Natural da Guatemala, como contou a um juiz de imigração, ele e sua família foram desde cedo perseguidos por membros de gangues urbanas. Eles se recusavam a pagar a taxa mensal, "la renta", que o grupo criminoso cobra da população. Depois de mudar de bairro três vezes, ver o tio morto, ser ameaçado sob a mira de armas e deixar de ir à escola por medo de retaliações, Juan resolveu fugir para os EUA.

Ele chegou à fronteira sozinho em 2014, aos 14 anos, assim como outros milhares de adolescentes um grupo que soma pelo menos 200 mil crianças nos últimos cinco anos e cujo fluxo voltou a crescer nos últimos meses.

A maioria delas foge do aliciamento por gangues e de ameaças de morte em países do chamado Triângulo do Norte (El Salvador, Honduras e Guatemala), que tem uma das maiores taxas de homicídio do mundo. Muitas têm pais que vivem nos Estados Unidos, fugidos antes. Por isso, vão sozinhas à fronteira.

Elas são bem mais novas que os "dreamers" (sonhadores), jovens imigrantes levados pelos pais aos EUA ainda crianças, no início da década. Para esse grupo, bandeira dos democratas, Donald Trump acenou com a cidadania.

Mas, para as crianças desacompanhadas, que a ONU afirma serem parte de uma crise humanitária, o republicano fechou a porta.

Elas não têm status legal no país, não se qualificam como refugiadas, quase nunca conseguem asilo para piorar, segundo Trump, impulsionam a violência em solo americano.

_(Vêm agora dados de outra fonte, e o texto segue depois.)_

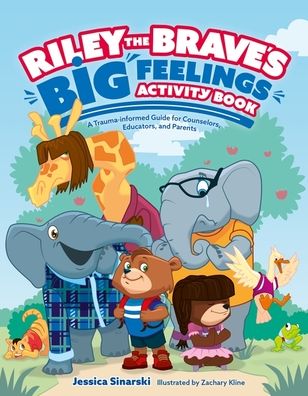 Riley the Brave's Big Feelings Activity Book: A Trauma-Informed Guide for Counselors, Educators, and Parents - Riley the Brave's adventures - Jessica Sinarski - Książki - Jessica Kingsley Publishers - 9781839973000 - 8 sierpnia 2023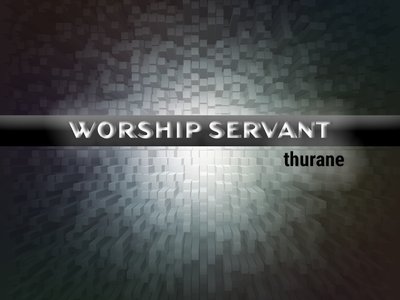 Worship Servant Album - thurane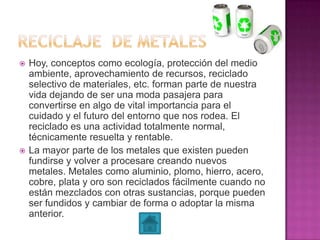  Hoy, conceptos como ecología, protección del medio
ambiente, aprovechamiento de recursos, reciclado
selectivo de materiales, etc. forman parte de nuestra
vida dejando de ser una moda pasajera para
convertirse en algo de vital importancia para el
cuidado y el futuro del entorno que nos rodea. El
reciclado es una actividad totalmente normal,
técnicamente resuelta y rentable.
 La mayor parte de los metales que existen pueden
fundirse y volver a procesare creando nuevos
metales. Metales como aluminio, plomo, hierro, acero,
cobre, plata y oro son reciclados fácilmente cuando no
están mezclados con otras sustancias, porque pueden
ser fundidos y cambiar de forma o adoptar la misma
anterior.
 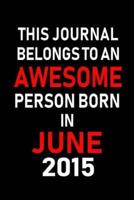 This Journal Belongs to an Awesome Person Born in June 2015
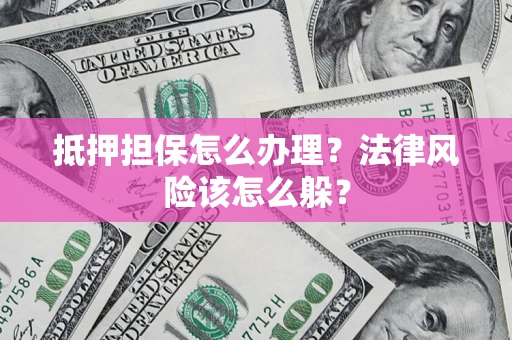 北京抵押担保怎么办理？法律风险该怎么躲？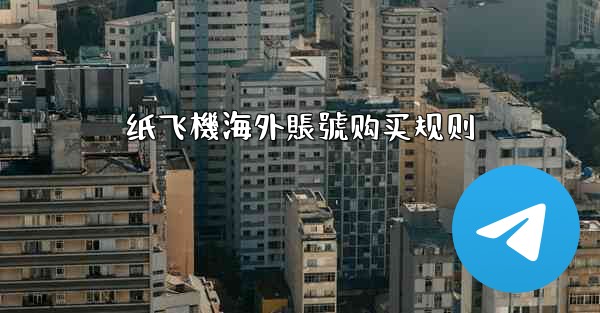<b>纸飞機海外賬號购买规则</b>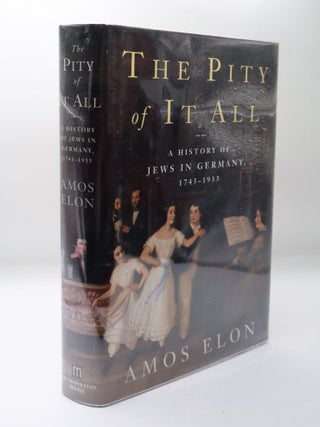 1406466 THE PITY OF IT ALL: A HISTORY OF JEWS IN GERMANY 1743-1933. Amos Elon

Um projeto de lei em análise quer restringir a concessão de asilo para crianças, que teriam de provar risco de vida se deportadas ao país de origem. Outro prevê a deportação imediata de crianças que não sejam vítimas de tráfico de pessoas ou que não tenham medo de retornar ao seu país.

"Muitos membros de gangues se aproveitam de lacunas em nossas leis para entrar no país como menores desacompanhados", disse o presidente, em discurso ao Congresso na terça (30).

SOZINHOS NA CORTE

Dados mostram que apenas 1,5% dos jovens apreendidos na fronteira são ligados a gangues, segundo a Patrulha da Fronteira dos EUA.

Mas o Departamento de Justiça afirma que há mais deles, que não revelam sua filiação criminosa. Por isso, menores desacompanhados viraram alvo do governo.

Nas cortes de imigração, seus casos se tornaram prioridade, determinou o departamento. Como o governo não tem obrigação de garantir advogado, a maioria precisa representar a si mesma ou seja, crianças de seis anos se veem sozinhas diante de um juiz. No último ano, isso aconteceu em 80% dos processos. Desses, quatro em cada cinco acabaram em deportação.

"Infelizmente, é o que acontece na maioria das vezes", afirmou à Folha Kathryn Kuennen, que assiste as crianças por meio da Conferência Nacional de Bispos Católicos dos EUA.

Nos últimos três meses, 4.000 adolescentes foram deportados a seus países de origem, ou quase metade dos casos analisados. Foi o dobro de deportações dos 12 meses anteriores.